Why not just make some more all plants taste diffrent i love sativa to eat but is never as pontent or if u want your butter with the extra kick like u plan it will be stronger you,ll just have 2 repeat the prosess again


----------



## lvjay702 (Mar 15, 2008)

yeah i just heated it up again, added an 8th to about a cup of butter, strained it again and threw it in the mix and it definately is more potent than it was before. a double boiler is just a pan that sits on top of another pan with boiling water in it. the steam rises up to the top pan with the butter in it so it melts it without burning it or degrading the thc content. or a crock pot will do the same on a low setting.
i have never made any baked goods with a sativa strain, whats that like?


----------



## SHOOT2KILL66 (Mar 15, 2008)

lvjay702 said:


> yeah i just heated it up again, added an 8th to about a cup of butter, strained it again and threw it in the mix and it definately is more potent than it was before. a double boiler is just a pan that sits on top of another pan with boiling water in it. the steam rises up to the top pan with the butter in it so it melts it without burning it or degrading the thc content. or a crock pot will do the same on a low setting.
> i have never made any baked goods with a sativa strain, whats that like?

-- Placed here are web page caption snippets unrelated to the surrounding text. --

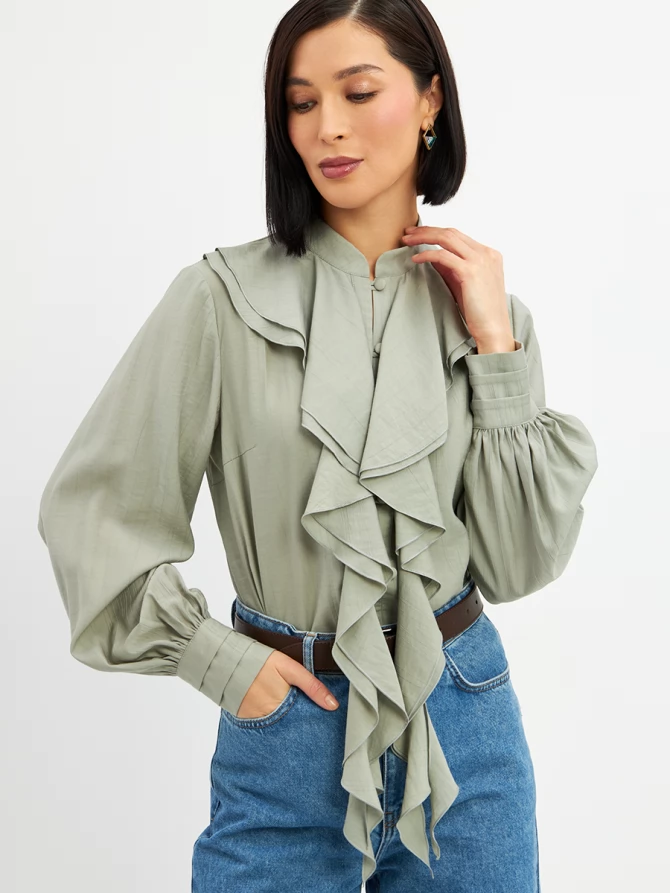 Блузкас отлетными рюшами OD-914-3 полынь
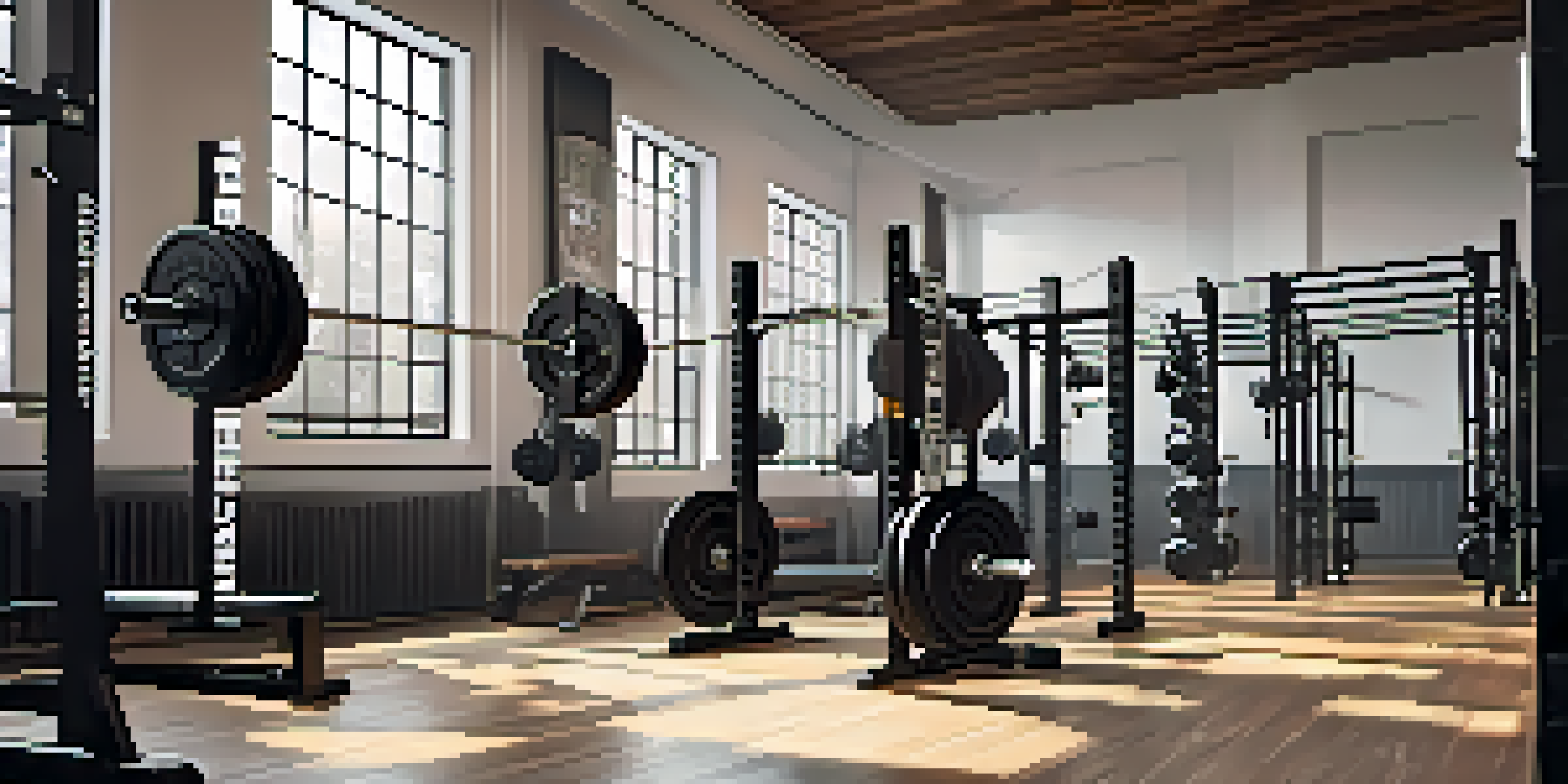 A powerlifting gym featuring a barbell on a squat rack and various dumbbells, lit by natural light from large windows.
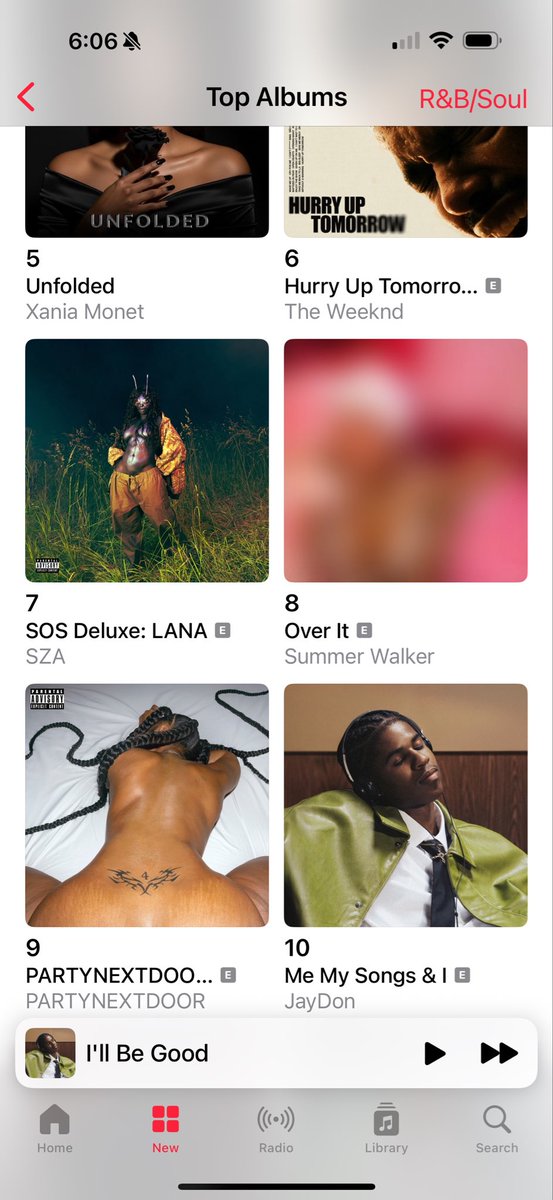 jdmccrary's tweet image. Fam… top 10 R&amp;amp;B album on @AppleMusic are yall fr rn… 🫶🏾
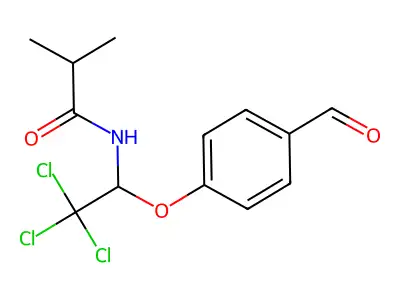 2-Methyl-N-(2,2,2-trichloro-1-(4-formylphenoxy)ethyl)propanamide structure
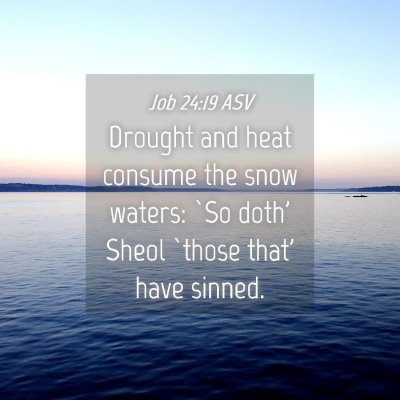 Picture 04 - Job 24:19 ASV - Drought and heat consume the snow waters: `So - Bible Verse Picture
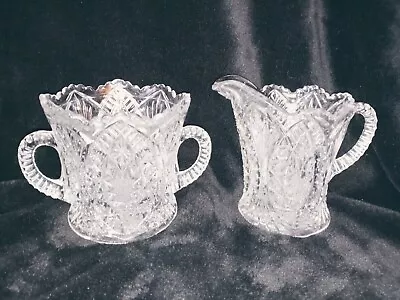 Vintage Beautiful Cut Glass Sugar Bowl And Creamer With Handles • $8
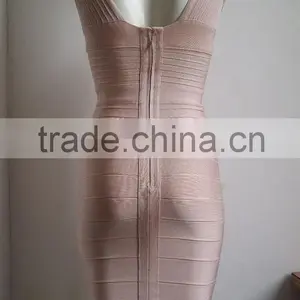 Summer Dress Wholesale Top Quality 2015 New Fashion Women Attractive Rayon Stretch v Neck Nude Sey Mini Bodycon Evening Party Ba thumbnail-2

Sounds good man ,Cannabis can stand some intence heat before the tricones pop it really takes a naked flame 2 burst them so if the heatings not crazy hot it will not effect thc 

Sativa butter is just more plesant to eat than a heavy indcia but you know by the taste that the indcia will k.o you when it diegests 

I hope u havent made this to strong man even the heaviest of smokers can have an uncomfortable buzz from eating really pontent cannabutter 

let me know how it goes mann


----------



## overfiend (Mar 15, 2008)

i tried this last week i remelted my butter and simmered in new sugar leaves and made brownies. i ate 2 because i usualy dont get high on 1.and the next thing you know i'm freaking out i think i made them too strong.
i think that was the first time i really got off eating cannabis


----------